* [What needs to be done]: Retype, exactly as they stand, the lines from the start of the data to the line that contains "1010 SE Binns", both ends included. Leave the pictures out.
• • • • •
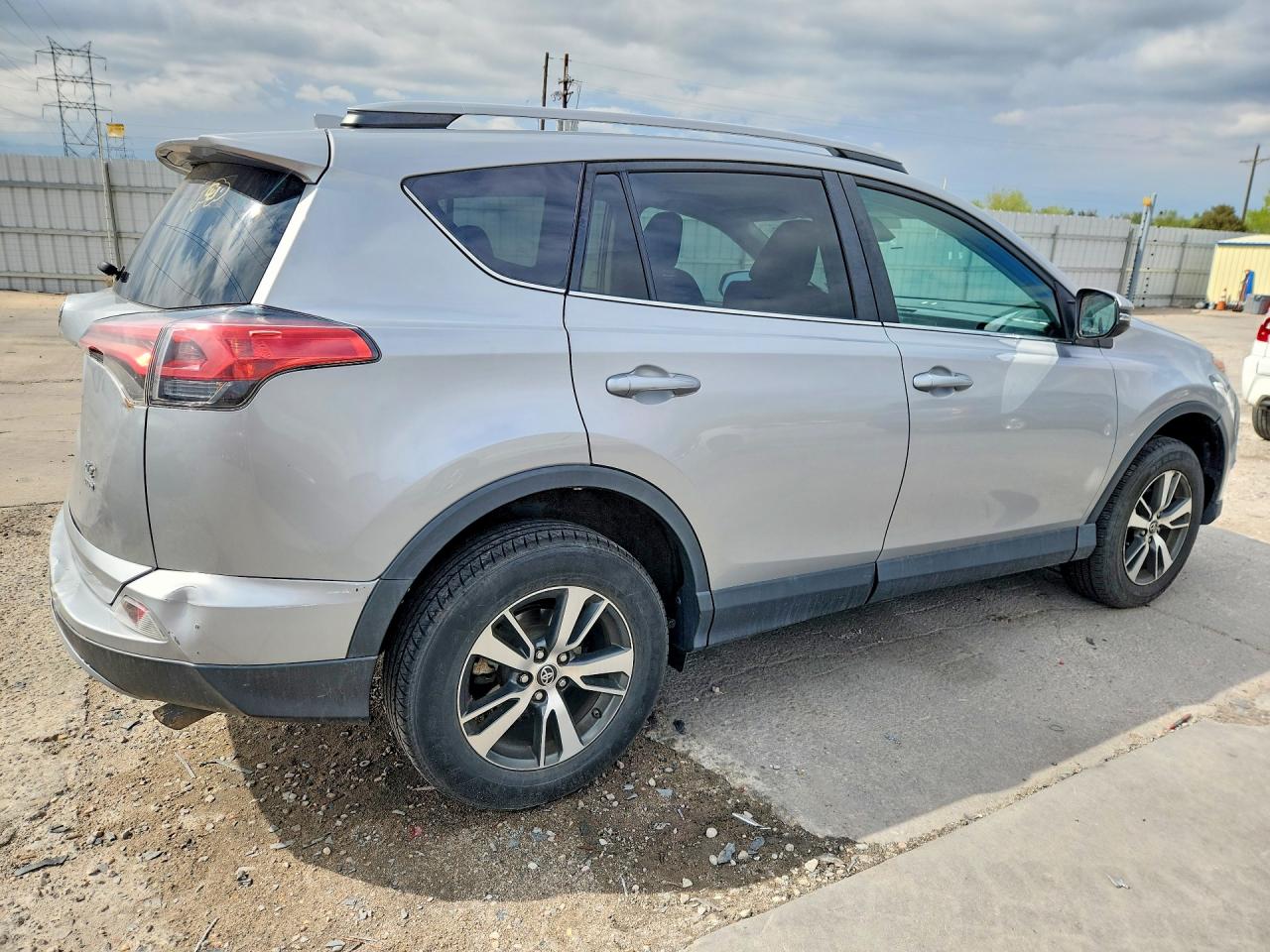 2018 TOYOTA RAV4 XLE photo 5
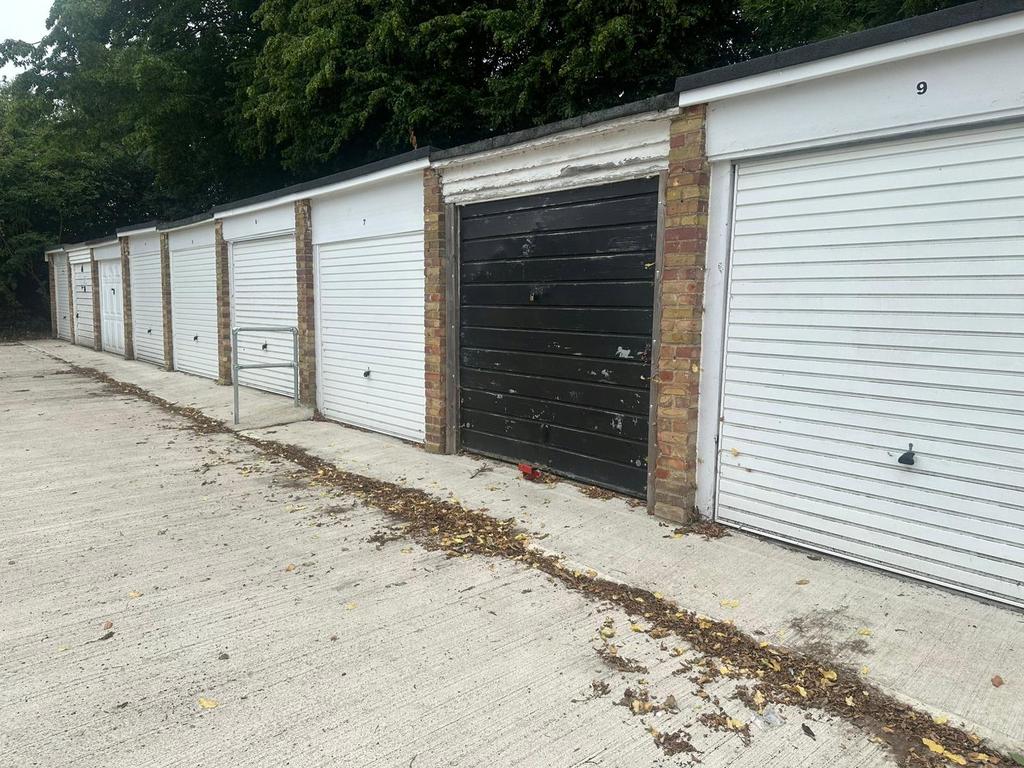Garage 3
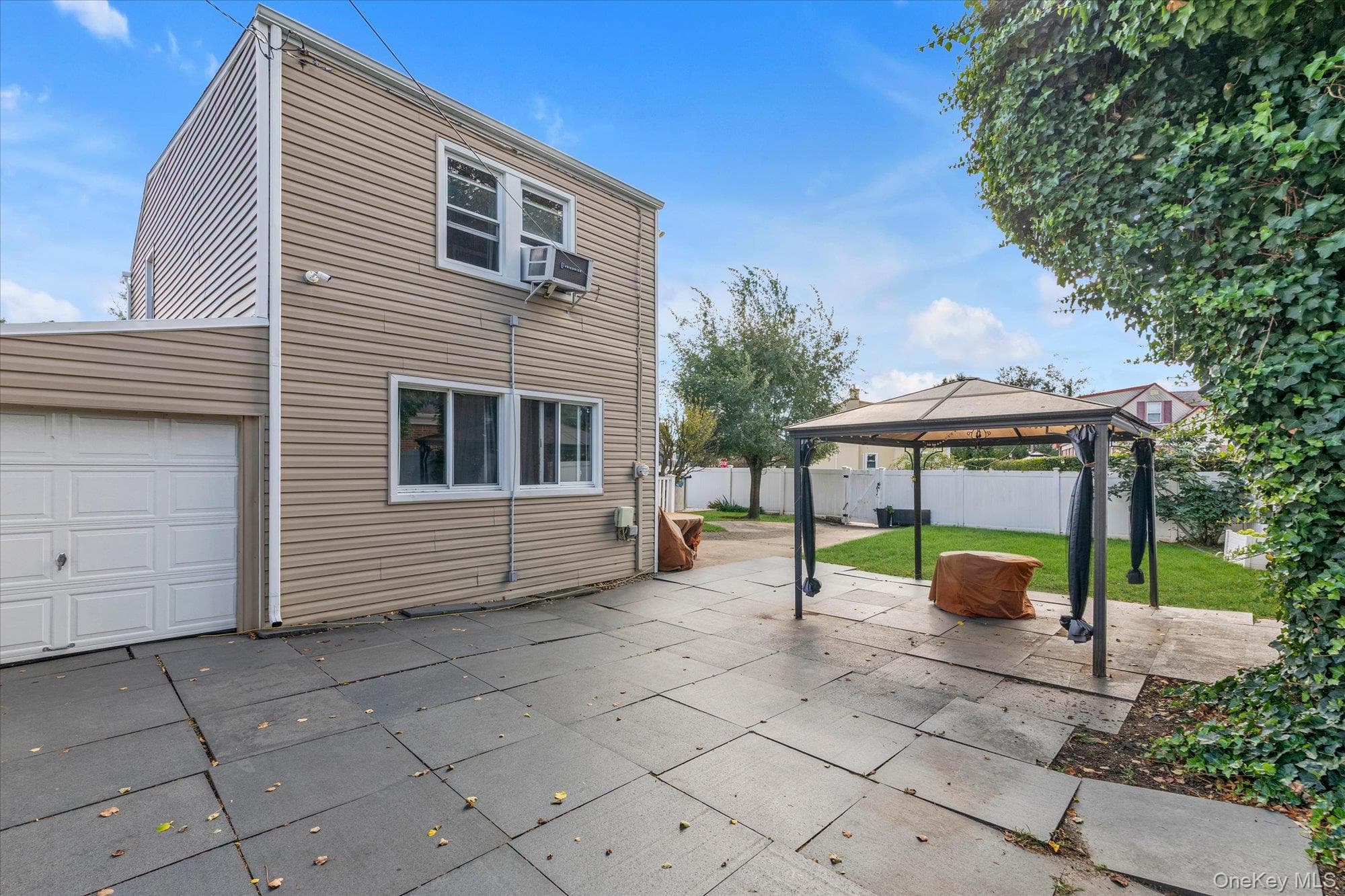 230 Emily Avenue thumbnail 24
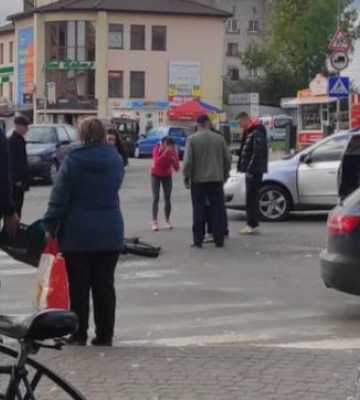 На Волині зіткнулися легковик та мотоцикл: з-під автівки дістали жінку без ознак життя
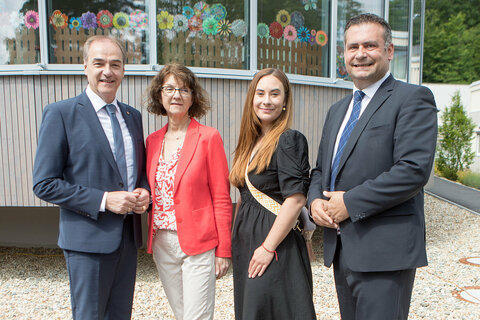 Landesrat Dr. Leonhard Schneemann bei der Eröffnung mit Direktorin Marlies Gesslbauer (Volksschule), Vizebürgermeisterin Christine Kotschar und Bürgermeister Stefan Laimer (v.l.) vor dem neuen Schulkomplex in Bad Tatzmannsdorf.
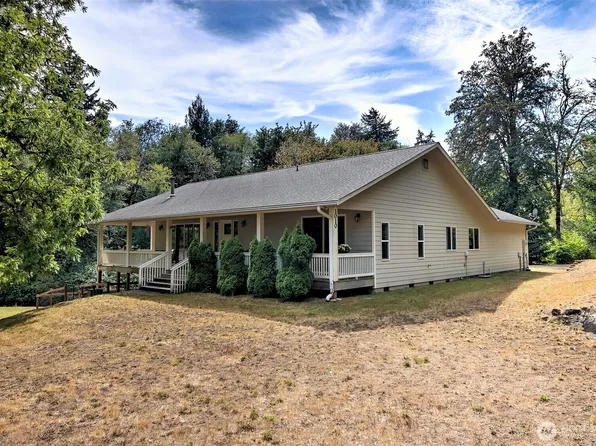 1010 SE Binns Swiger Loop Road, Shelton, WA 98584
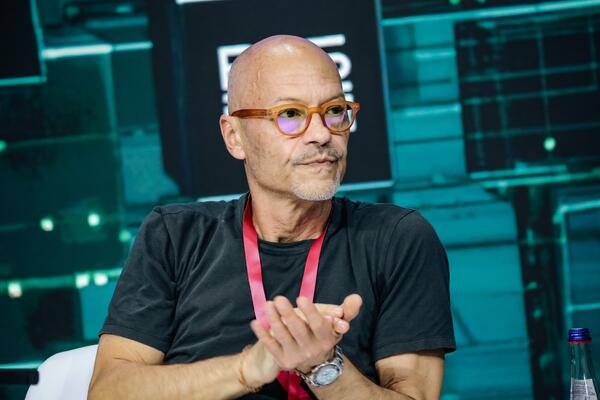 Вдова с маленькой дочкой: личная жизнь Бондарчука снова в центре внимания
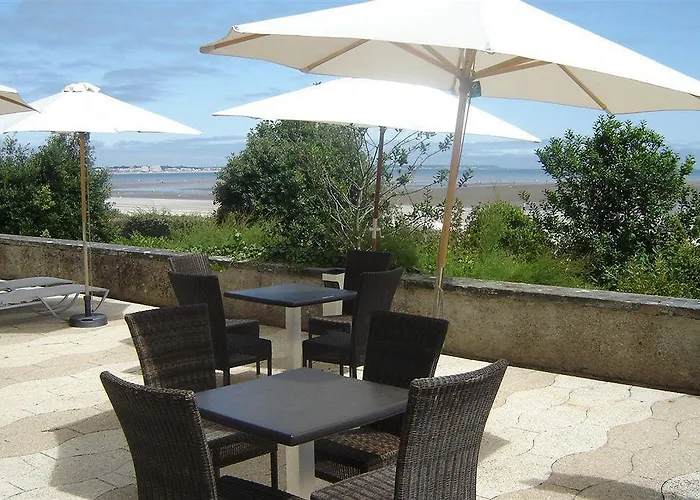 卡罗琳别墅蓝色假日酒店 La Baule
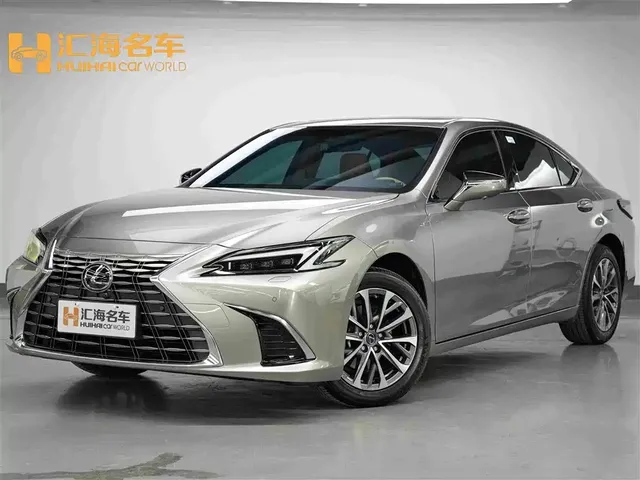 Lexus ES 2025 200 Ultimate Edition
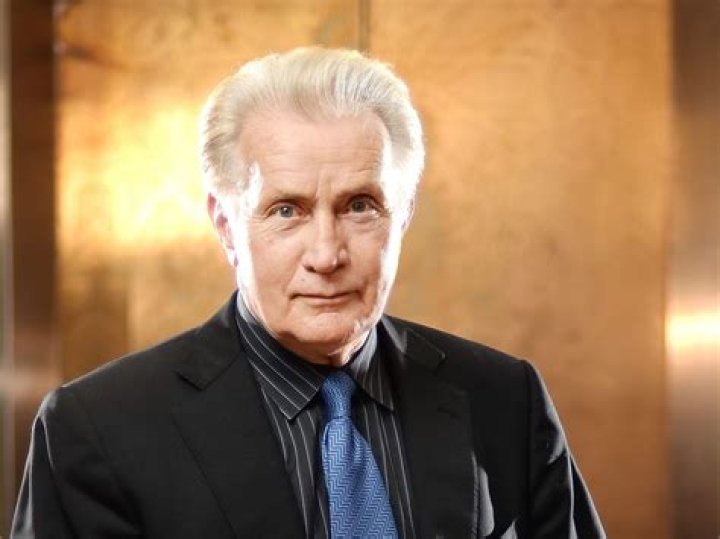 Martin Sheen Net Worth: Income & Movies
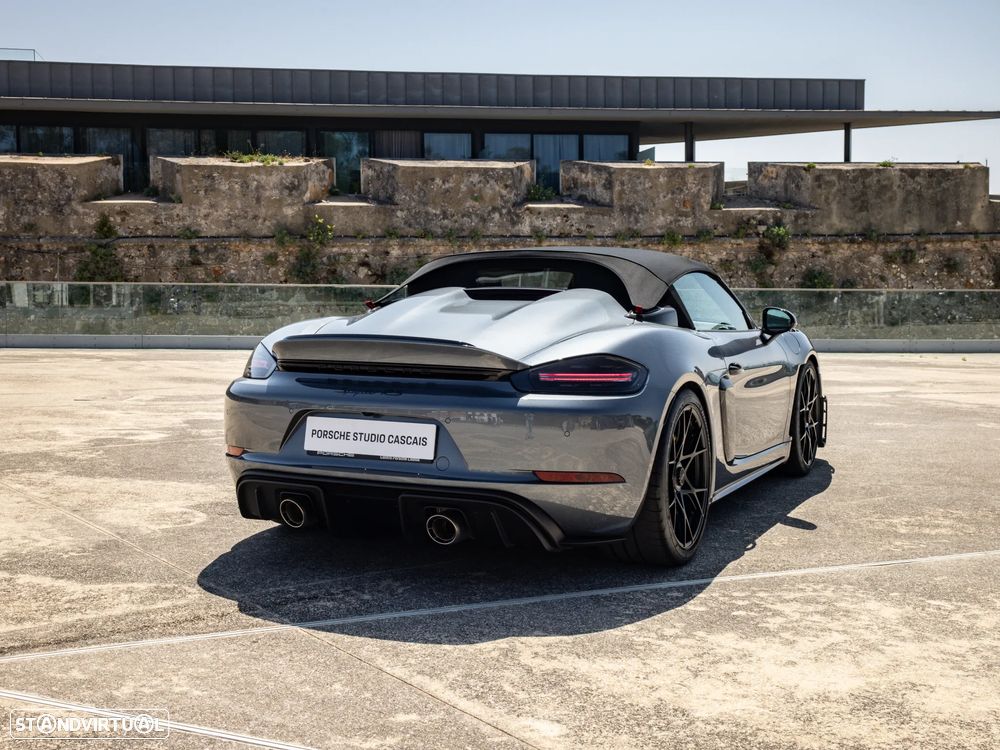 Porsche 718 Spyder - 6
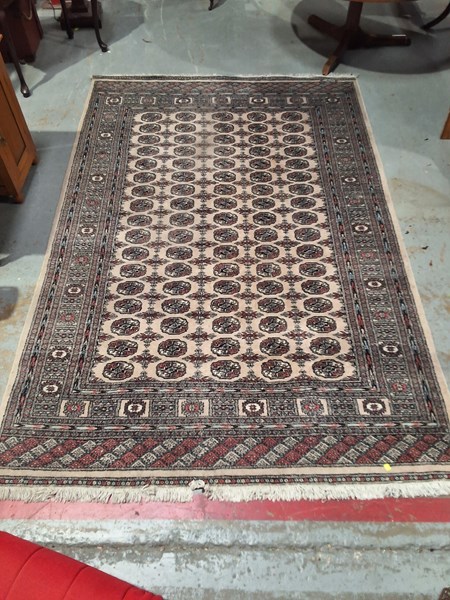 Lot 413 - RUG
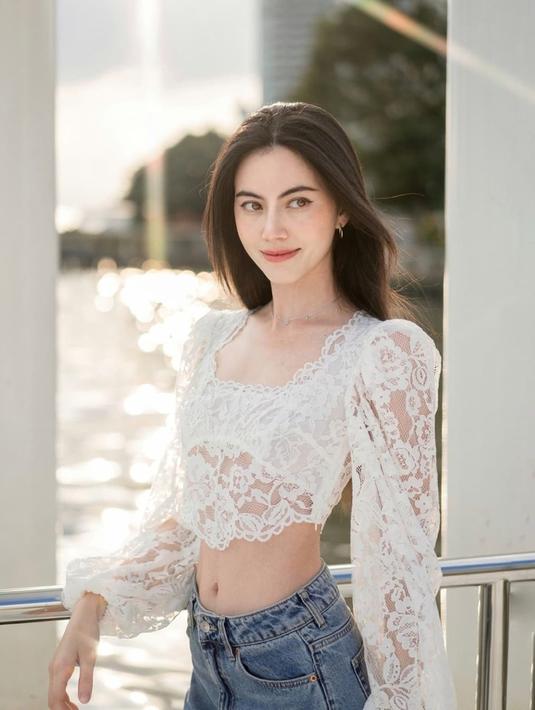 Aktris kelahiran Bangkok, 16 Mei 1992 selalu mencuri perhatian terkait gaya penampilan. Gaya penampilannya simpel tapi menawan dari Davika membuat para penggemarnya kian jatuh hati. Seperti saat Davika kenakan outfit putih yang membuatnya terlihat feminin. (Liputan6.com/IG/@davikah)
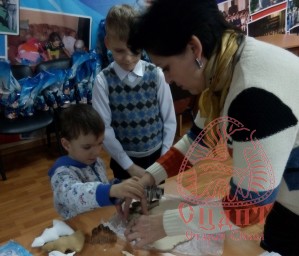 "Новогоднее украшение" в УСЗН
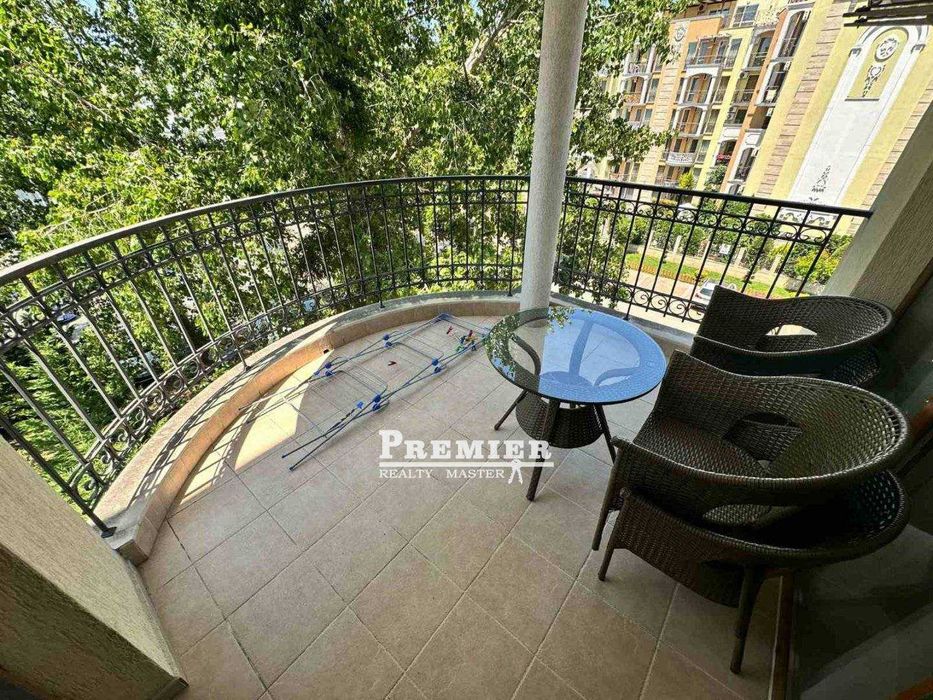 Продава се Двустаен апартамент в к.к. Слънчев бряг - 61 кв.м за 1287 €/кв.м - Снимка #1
• • • • •
* [Task response]:
 2018 TOYOTA RAV4 XLE photo 5
Garage 3
 230 Emily Avenue thumbnail 24
 На Волині зіткнулися легковик та мотоцикл: з-під автівки дістали жінку без ознак життя
 Landesrat Dr. Leonhard Schneemann bei der Eröffnung mit Direktorin Marlies Gesslbauer (Volksschule), Vizebürgermeisterin Christine Kotschar und Bürgermeister Stefan Laimer (v.l.) vor dem neuen Schulkomplex in Bad Tatzmannsdorf.
 1010 SE Binns Swiger Loop Road, Shelton, WA 98584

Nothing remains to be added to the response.